Wells Fargo Merchant Services (WFMS) shares the main Wells Fargo website. Unfortunately, I found the site difficult to navigate and generally lacking important information. The whole thing feels like an afterthought, which doesn’t tend to instill confidence. They don’t even have clear descriptions of their products and services, and all of the content is riddled with footnotes. When I’m checking out sales writing, I don’t want to feel like I’m reading a David Foster Wallace novel – but that’s just me.
They also fail to explain that when you sign up for a merchant account through Wells Fargo, you're signing up for an account with First Data. First Data acts as the payment processor for Wells Fargo, and Wells Fargo acts as the acquiring bank. It all sounds pretty confusing, but if you read this article you'll understand it a bit better.
Putting that aside, the most important thing for you to remember is that Wells Fargo and First Data go hand in hand. So chances are you'll at some point have to deal with both companies during the lifespan of your contract. This means that many of the issues we addressed in the out First Data review may also crop up here.
I suggest you read the complaints section below. That's where you'll find the most important info about Wells Fargo – like the fact that they charge a $500 early termination fee, or that they have a tendency to push terminal leases and enhanced billback billing, all of which add up to a not-so-great experience for you. If you plan on getting an account through WF, then I highly recommend you consult us first. We’ll be able to make sure you get the best contract terms possible for your business.
One positive aspect to the Wells Fargo merchant account is that if you bank with them, then you can get your money deposited into your account the next day, rather than the usual 48 hours or more that it takes for most other providers. I also like that they don’t heavily rely on independent sales representatives, which – in theory – should mean that their salesforce is more carefully vetted has a higher level of training.
Unfortunately, I can only give Wells Fargo Merchant Services 3.5 out of 5 stars for now. They really need to make a better effort to build their reputation as a processor and offer competitive contract terms and rates for businesses of all sizes if they want to improve.
Please read the whole review for more information on WFMS. You should also check out our comparison chart to see the best merchant service providers around!
Wells Fargo has been around since 1862, but their merchant services through First Data started around 1971.
Headquartered in San Francisco, California, with several branches throughout the US.
Products and Services:
You’ll find just the basics at Wells Fargo Merchant Services, with nothing that really sets them apart from the pack. WFMS doesn't aim to be a one-stop shop for all things related to merchant services. If you're looking for a bunch of value-added services, look elsewhere. Here's a list of the products and services that they do offer:
- Merchant accounts
- Check processing
- Terminal sales/leases: Before you even think about leasing a terminal, read this article!

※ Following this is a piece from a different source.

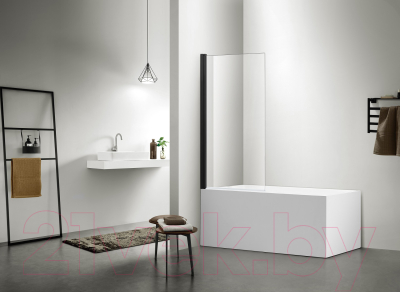 Стеклянная шторка для ванны Aquatek AQ DEL SBA 08015BL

- Payment gateway/virtual terminal: A virtual terminal allows you to processes payments from any web browser. Basically all processors provide a virtual terminal.
- Gift/loyalty card programs: WFMS gift and loyalty card services are pretty run of the mill. Minimum orders for “standard” cards (from predesigned template) start at 100 units. For custom cards, you’ll have to get at least 500. Check out the brochure for more information. Again, many processors these days offer this service.
- Online reporting: Offers real-time information about your processing activity.
- Recurring payments: Allows you to store billing information and initiate billing at set intervals.
Fees and Rates:
Unfortunately, Wells Fargo makes absolutely no disclosures of rates or fees in their corporate advertising or internet resources. No information of rate structures (such as interchange-plus or tiered models) appears anywhere. This isn’t exactly unusual - but it’s not ideal, either. While your discount rate will depend on a large number of factors, I really like to see some disclosure of monthly fees (PCI compliance fee, statement fee, etc.) alongside information about how rates are determined, including information on interchange-plus plans.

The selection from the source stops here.